Cleo’s inspirations derive from her parents musical passions, shuffling through a record collection of classics across Motown, Reggae, Latin, and Acid Jazz. Cleo developed her own taste, inspired by pop culture of the day. Akin to millions of other young girls, Cleo loved the Spice Girls, and wanted to grow up to be flame-haired Geri. These days she’s loving House music, Ed Sheeran, Wretch 32 and Frank Ocean.
A West London girl at heart, Cleo was born and raised in Ladbroke Grove and was brought up with a strong sense of community. A regular at the annual, famous Notting Hill Carnival, Cleo is often spotted cycling around the roads of West London. The slightly cooler, more beautiful ‘girl-next-door’, Cleo, loves fashion and she says her style is influenced by her Dad’s ‘rockabilly’, mixed with grunge and 80′s era music; “If all else fails, it’s all about the big hair and big earrings”, she says.
A stint at a local youth centre paired with a dedicated and motivational singing teacher came together to alter Cleo’s passion for singing from a hobby to a serious profession at the age of 16, and she began song-writing and honing her vocals on a weekly basis, later performing at monthly showcases. After reinventing herself as ‘Cleo Sol’ (the Sol paying homage to her sunny Spanish heritage) and posting a few tracks onto her MySpace page in her late teens, veteran underground producer Davinche (Kano’s P’s & Q’s) spotted the singer and asked her to collaborate on some tracks.

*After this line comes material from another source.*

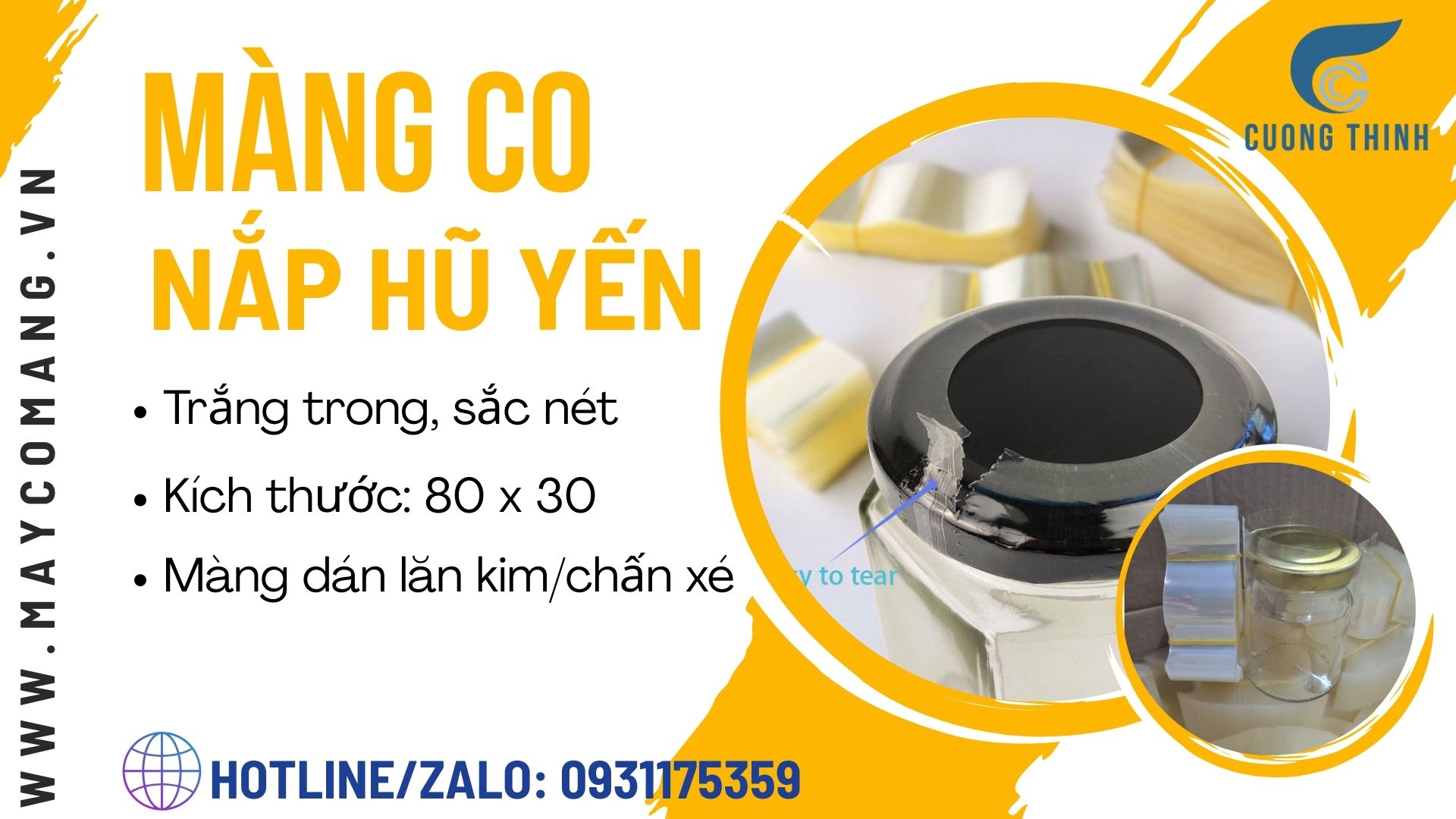 Màng co nắp yến hũ seal chắn chắn, thẩm mỹ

Her relationship with Davinche would prove to be instrumental in putting Cleo on the map in terms of the UK underground music scene. The partnership with Davinche led to tracks with Tinie Tempah on ‘Tears’, Wretch 32’s ‘Dancefloor’, Davinche’s ‘Hero’ and ‘Riding for Love’ alongside Bashy. Cleo also featured on ‘Give a Little Love’, the official Orange Rockcorps anthem alongside Roll Deep, Wretch 32 and Aggro Santos. Showing her versatility, Cleo also featured on Funky House songs ‘Addicted’ and ‘Time to Let Go’.
Her promo tracks in 2011 ‘LoveBass’ and ‘Call for Me’ received heavy support from BBC Radio 1, 1Xtra, Kiss, Choice and Rinse DJs (Swerve, Trevor Nelson, Target, Manny Norte, Ace n Vis and Ronnie Herrel). ‘Call for Me’ was selected by Twin B as 1Xtra’s ‘Best of British Track of the Week’ in early May 2011.
In addition to receiving key radio play, industry taste-makers (including ILUVLIVE, MOBO and Urban Development) began to spot Cleo, marking her as a ‘one to watch in 2011′.